## Task statement
Of all the lines in the records below, copy only those that contain the string "Gold".

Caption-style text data
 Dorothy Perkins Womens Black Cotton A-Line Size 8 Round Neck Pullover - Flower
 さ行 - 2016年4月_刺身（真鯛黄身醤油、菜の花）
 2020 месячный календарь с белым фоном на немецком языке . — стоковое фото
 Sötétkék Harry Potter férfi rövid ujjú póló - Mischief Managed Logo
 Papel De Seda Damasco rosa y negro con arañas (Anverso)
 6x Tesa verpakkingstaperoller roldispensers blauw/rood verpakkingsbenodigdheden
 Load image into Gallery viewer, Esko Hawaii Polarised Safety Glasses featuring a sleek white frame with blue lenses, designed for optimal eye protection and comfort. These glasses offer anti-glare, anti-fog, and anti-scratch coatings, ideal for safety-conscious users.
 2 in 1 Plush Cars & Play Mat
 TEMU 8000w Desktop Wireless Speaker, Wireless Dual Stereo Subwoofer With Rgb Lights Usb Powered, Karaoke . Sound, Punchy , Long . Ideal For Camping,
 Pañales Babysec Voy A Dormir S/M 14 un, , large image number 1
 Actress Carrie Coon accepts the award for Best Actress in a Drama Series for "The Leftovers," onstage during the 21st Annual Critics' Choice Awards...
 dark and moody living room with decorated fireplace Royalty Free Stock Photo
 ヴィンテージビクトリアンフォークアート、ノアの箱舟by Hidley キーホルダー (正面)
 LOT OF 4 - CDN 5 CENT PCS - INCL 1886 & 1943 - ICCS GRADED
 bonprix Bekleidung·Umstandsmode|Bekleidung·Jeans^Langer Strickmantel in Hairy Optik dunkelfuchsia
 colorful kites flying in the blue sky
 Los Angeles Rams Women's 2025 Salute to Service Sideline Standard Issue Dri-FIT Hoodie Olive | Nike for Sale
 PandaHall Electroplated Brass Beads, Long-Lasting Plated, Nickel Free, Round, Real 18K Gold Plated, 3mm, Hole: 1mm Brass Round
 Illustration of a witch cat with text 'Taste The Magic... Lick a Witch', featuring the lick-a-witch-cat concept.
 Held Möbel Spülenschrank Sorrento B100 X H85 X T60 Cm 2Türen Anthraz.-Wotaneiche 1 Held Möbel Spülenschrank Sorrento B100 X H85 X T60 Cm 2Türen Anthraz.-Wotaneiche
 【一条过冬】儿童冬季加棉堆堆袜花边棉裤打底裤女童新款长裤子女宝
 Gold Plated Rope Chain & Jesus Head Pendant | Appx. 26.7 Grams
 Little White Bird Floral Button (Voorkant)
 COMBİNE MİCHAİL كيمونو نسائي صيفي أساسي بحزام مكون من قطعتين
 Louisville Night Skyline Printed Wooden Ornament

## Response area
 PandaHall Electroplated Brass Beads, Long-Lasting Plated, Nickel Free, Round, Real 18K Gold Plated, 3mm, Hole: 1mm Brass Round
 Gold Plated Rope Chain & Jesus Head Pendant | Appx. 26.7 Grams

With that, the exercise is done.